I'm not sure what's worse anymore — her fear, or how much I enjoy it.
When I look in the mirror, I don't see me. Not the guy who smiled at her three years ago, not the fool who cooked her breakfast on Sundays. Now I see a shadow. A smirk that doesn't fit my face. Eyes that look too calm for someone doing what I'm doing.
Sometimes I wonder — what if she looked at me now and knew? What if she found out the man beside her every night is the same faceless stranger tearing her sanity apart? Would she scream? Would she beg? Or would she laugh — that cold little laugh she gave when I caught her?
Fuck. That laugh still echoes.
I try to shake it off, make coffee, pretend I'm normal. But the air feels thick. She walks in wearing the same clothes as yesterday, hair tied up like she's given up trying. Her hands are pale, her nails bitten.
"You're up early," I say.
She doesn't respond. Just nods and stares into her cup. There's no sugar in it. She used to hate bitter coffee. Now she drinks it like she deserves it.
I almost feel bad. Almost.
Later that day, I stand in front of the bathroom mirror, toothbrush hanging from my mouth, just staring. The reflection stares back — too calm, too perfect. The more I look, the more wrong it feels. Like the man in the glass knows something I don't.

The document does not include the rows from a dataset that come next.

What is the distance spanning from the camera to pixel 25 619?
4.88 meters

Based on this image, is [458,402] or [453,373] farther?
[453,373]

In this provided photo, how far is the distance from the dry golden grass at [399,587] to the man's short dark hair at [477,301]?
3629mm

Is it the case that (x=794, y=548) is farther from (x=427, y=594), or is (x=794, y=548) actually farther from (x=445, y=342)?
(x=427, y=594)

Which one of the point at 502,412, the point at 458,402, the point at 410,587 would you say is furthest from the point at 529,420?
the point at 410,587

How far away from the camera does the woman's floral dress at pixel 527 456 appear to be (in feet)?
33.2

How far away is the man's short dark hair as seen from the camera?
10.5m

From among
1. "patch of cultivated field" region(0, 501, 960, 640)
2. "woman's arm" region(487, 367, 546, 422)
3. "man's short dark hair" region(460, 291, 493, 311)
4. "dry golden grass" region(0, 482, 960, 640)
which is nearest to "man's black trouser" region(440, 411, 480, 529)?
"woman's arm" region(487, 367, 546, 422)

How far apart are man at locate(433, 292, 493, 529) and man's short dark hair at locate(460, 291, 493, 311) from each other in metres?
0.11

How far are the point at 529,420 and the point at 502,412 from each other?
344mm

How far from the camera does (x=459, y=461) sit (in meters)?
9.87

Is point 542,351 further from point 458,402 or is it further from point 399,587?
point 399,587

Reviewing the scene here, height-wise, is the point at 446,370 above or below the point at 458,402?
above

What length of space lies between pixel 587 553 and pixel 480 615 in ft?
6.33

"You're doing this for justice," I mutter.
The reflection smiles. Not me — it.
Justice. Revenge. Whatever the fuck this is.

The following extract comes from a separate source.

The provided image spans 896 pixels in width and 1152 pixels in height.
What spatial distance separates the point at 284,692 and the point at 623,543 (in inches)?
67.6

I rinse my mouth, splash water on my face, but it doesn't help. My reflection lingers longer than it should, almost like it's watching me leave.

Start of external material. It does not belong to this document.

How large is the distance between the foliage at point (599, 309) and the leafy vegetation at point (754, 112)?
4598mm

That night, she whispers in her sleep. I can't catch the words, but I hear his name — Arjun.My jaw tightens. I feel the anger rising, hot and familiar. I grab my phone, check the messages I've sent her, scroll through the recordings. There's power there, control, satisfaction. But underneath it, something else — something that feels dangerously close to pity.
I hate it.
I hate that part of me that still wants to ask why. Why him, why not me, why destroy something I thought was love?
But answers don't fix anything. They just dig deeper holes.
I lie down next to her, close enough to hear her breathing. For a moment, I imagine reaching out, brushing her hair, whispering "I forgive you."
Then I remember the video — her moaning another man's name.
My hand curls into a fist.
The mirror lied again. I'm not calm. I'm not in control. I'm just broken in a cleaner way.